Abstract:
This paper studies the performance degradation
of Gaussian probabilistic linear discriminant analysis
(GPLDA) speaker verification system, when only
short-utterance data is used for speaker verification system
development. Subsequently, a number of techniques,
including utterance partitioning and source-normalised
weighted linear discriminant analysis (SN-WLDA) projections
are introduced to improve the speaker verification
performance in such conditions. Experimental studies
have found that when short utterance data is available for
speaker verification development, GPLDA system overall
achieves best performance with a lower number of universal
background model (UBM) components. As a lower
number of UBM components significantly reduces the
computational complexity of speaker verification system,
that is a useful observation.
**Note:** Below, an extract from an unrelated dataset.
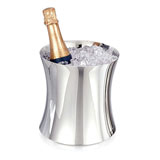 Champagne bucket 不锈钢双层香槟桶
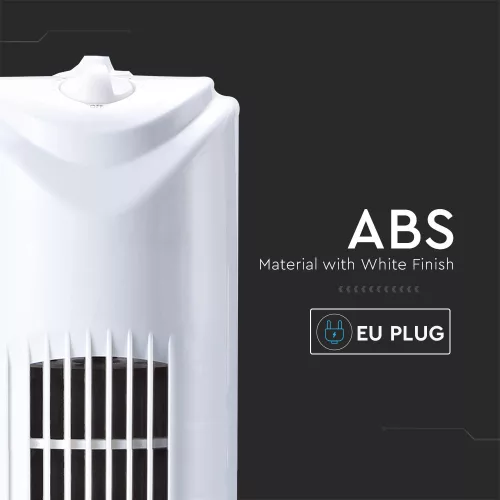 VT-4538 45W Tower Fan With Oscillation & Timer Function(31Inch)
In limited session data conditions,
we propose a simple utterance-partitioning technique,
which when applied to the LDA-projected GPLDA system
shows over 8% relative improvement on EER values over baseline system on NIST 2008 truncated 10–10 s conditions.
We conjecture that this improvement arises from the
apparent increase in the number of sessions arising from
our partitioning technique and this helps to better model the
GPLDA parameters. Further, partitioning SN-WLDA-projected
GPLDA shows over 16% and 6% relative improvement
on EER values over LDA-projected GPLDA systems
respectively on NIST 2008 truncated 10–10 s interviewinterview,
and NIST 2010 truncated 10–10 s interviewinterview
and telephone-telephone conditions.